Olmert changed when he entered the Prime Minister’s Office in January 2006, after his predecessor, Ariel Sharon, suffered a stroke. He kicked his old habits, forgot his greediness and started to mature with the heavy responsibilities of his work.
He proved himself to be a competent prime minister, ready to make tough and sometimes risky decisions for Israel’s national interests.
It was Olmert who had the guts, despite the uncertainties and fears of a major escalation, to order the Israel Air Force to bomb Syria’s nuclear reactor in September 2007, weeks before it would become radioactive and operational. And it was Olmert who cleverly formulated the decision to maintain silence about the operation, neither claiming responsibility nor denying it, thus helping President Bashar Assad to swallow his pride and not retaliate.
Olmert made the decision to destroy the Syrian reactor despite the unforgivable opposition of his defense minister, Ehud Barak. In retrospect, it was one of the most important strategic decisions in the history of Israel, along with the similar decision that prime minister Menachem Begin made in 1981 to knock down Saddam Hussein’s nuclear reactor near Baghdad.
Four months after the destruction of the Syrian reactor, according to foreign sources, Olmert approved another daring operation – instructing forces to kill Imad Mughniyeh, Hezbollah’s “defense minister” and one of the most wanted terrorist in the world.
Mughniyeh was gunned down in Damascus. The gunmen left no traces.
Even the two controversial wars launched during Olmert’s premiership – in summer 2006 against Hezbollah in Lebanon and in December 2009 against Hamas in Gaza – proved in retrospect to be very effective, and helped Israel to maintain its deterrence edge.
As a prime minister, his world view and ideology underwent a dramatic change. He realized that his old right-wing (and sometimes extreme-right-wing) opinions in support of the settlements and rejection of a Palestinian state were not compatible with reality.
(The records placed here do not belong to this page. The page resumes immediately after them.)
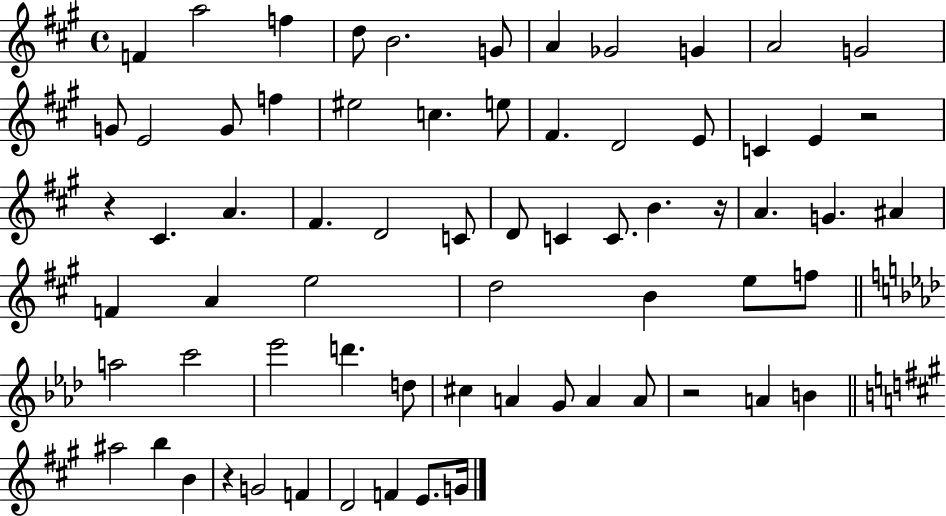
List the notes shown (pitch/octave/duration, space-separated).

F4/q A5/h F5/q D5/e B4/h. G4/e A4/q Gb4/h G4/q A4/h G4/h G4/e E4/h G4/e F5/q EIS5/h C5/q. E5/e F#4/q. D4/h E4/e C4/q E4/q R/h R/q C#4/q. A4/q. F#4/q. D4/h C4/e D4/e C4/q C4/e. B4/q. R/s A4/q. G4/q. A#4/q F4/q A4/q E5/h D5/h B4/q E5/e F5/e A5/h C6/h Eb6/h D6/q. D5/e C#5/q A4/q G4/e A4/q A4/e R/h A4/q B4/q A#5/h B5/q B4/q R/q G4/h F4/q D4/h F4/q E4/e. G4/s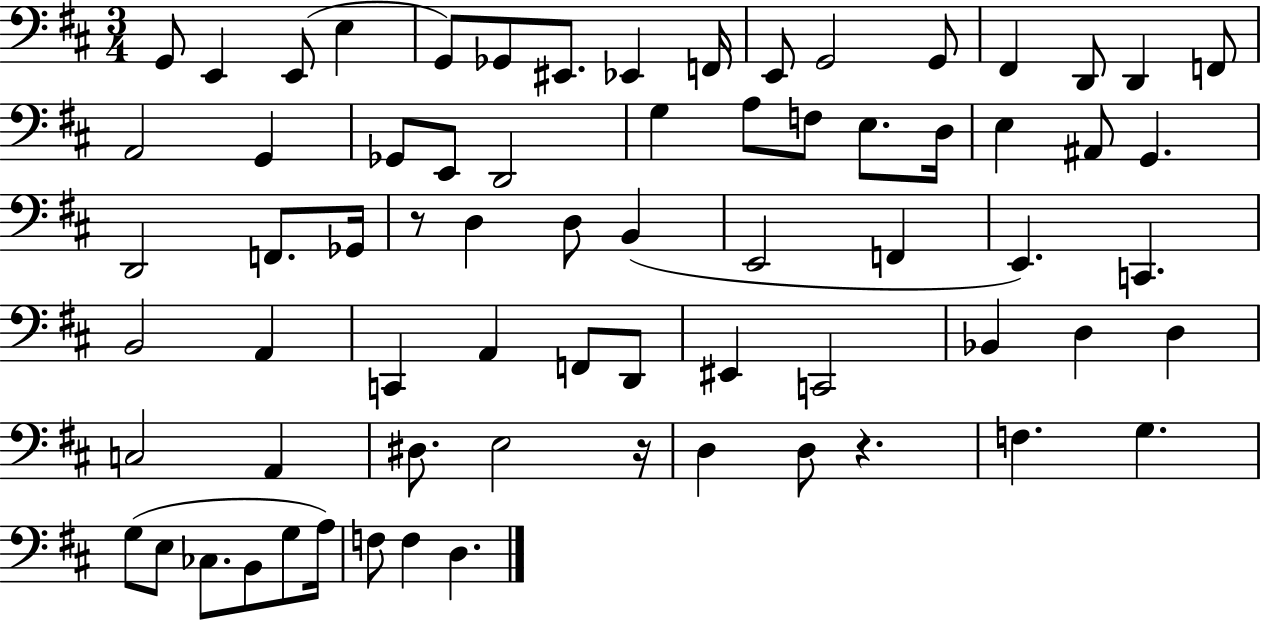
{
  \clef bass
  \numericTimeSignature
  \time 3/4
  \key d \major
  g,8 e,4 e,8( e4 | g,8) ges,8 eis,8. ees,4 f,16 | e,8 g,2 g,8 | fis,4 d,8 d,4 f,8 | \break a,2 g,4 | ges,8 e,8 d,2 | g4 a8 f8 e8. d16 | e4 ais,8 g,4. | \break d,2 f,8. ges,16 | r8 d4 d8 b,4( | e,2 f,4 | e,4.) c,4. | \break b,2 a,4 | c,4 a,4 f,8 d,8 | eis,4 c,2 | bes,4 d4 d4 | \break c2 a,4 | dis8. e2 r16 | d4 d8 r4. | f4. g4. | \break g8( e8 ces8. b,8 g8 a16) | f8 f4 d4. | \bar "|."
}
Olmert became deeply involved in the negotiations, forming a personal and professional friendship with Palestinian Authority President Mahmoud Abbas.
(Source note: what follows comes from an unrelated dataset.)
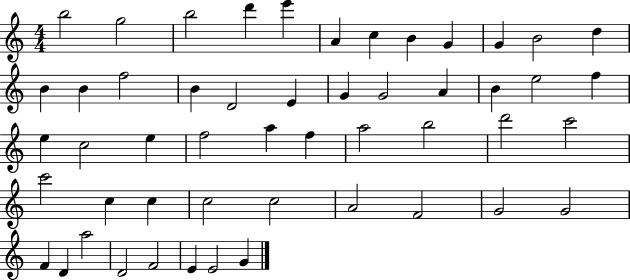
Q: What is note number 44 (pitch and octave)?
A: F4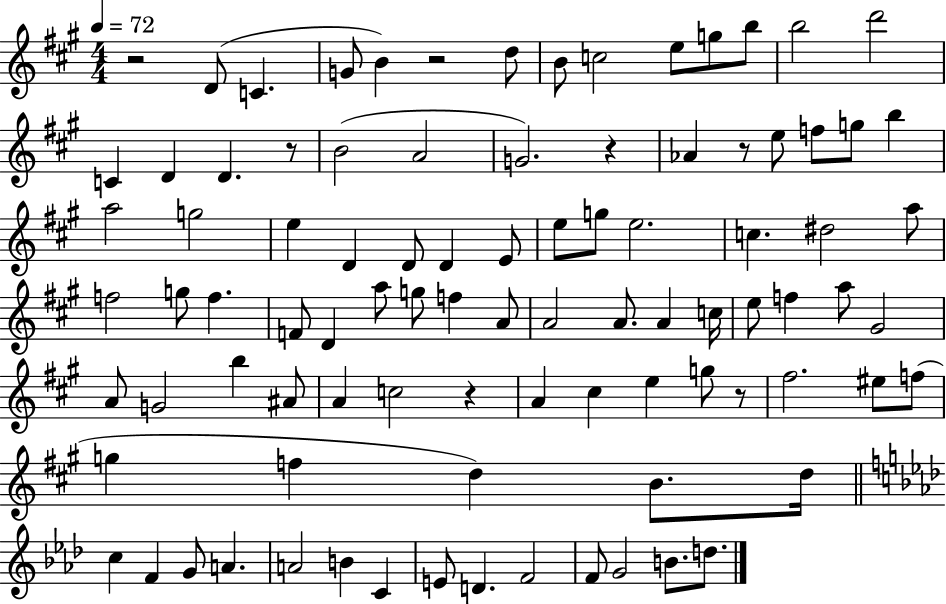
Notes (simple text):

R/h D4/e C4/q. G4/e B4/q R/h D5/e B4/e C5/h E5/e G5/e B5/e B5/h D6/h C4/q D4/q D4/q. R/e B4/h A4/h G4/h. R/q Ab4/q R/e E5/e F5/e G5/e B5/q A5/h G5/h E5/q D4/q D4/e D4/q E4/e E5/e G5/e E5/h. C5/q. D#5/h A5/e F5/h G5/e F5/q. F4/e D4/q A5/e G5/e F5/q A4/e A4/h A4/e. A4/q C5/s E5/e F5/q A5/e G#4/h A4/e G4/h B5/q A#4/e A4/q C5/h R/q A4/q C#5/q E5/q G5/e R/e F#5/h. EIS5/e F5/e G5/q F5/q D5/q B4/e. D5/s C5/q F4/q G4/e A4/q. A4/h B4/q C4/q E4/e D4/q. F4/h F4/e G4/h B4/e. D5/e.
If Israel had continued with Olmert’s ambition and drive, and above all, his flexibility, it most likely would have achieved an agreement with the PA.
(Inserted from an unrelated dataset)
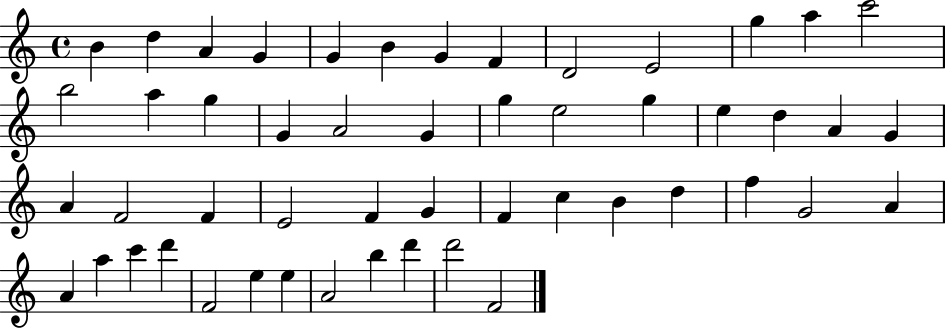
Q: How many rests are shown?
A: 0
With Olmert’s conviction, his political career is over. There is no chance, not even the slimmest one, that he could be the “comeback kid” whom so many Israelis who are disappointed with Prime Minister Binyamin Netanyahu’s rigid and uncompromising policies were hoping to witness.
With Olmert on his way to a prison cell, and with another prime ministerial hopeful, former IDF chief of staff Lt.-Gen. Gabi Ashkenazi, on the verge of being indicted on criminal charges of dishonorable behavior, forgery and cover- ups, the peace camp is left with no serious candidate to match Netanyahu.
Israel is left with the notion that there is only one game in town – Bibi’s.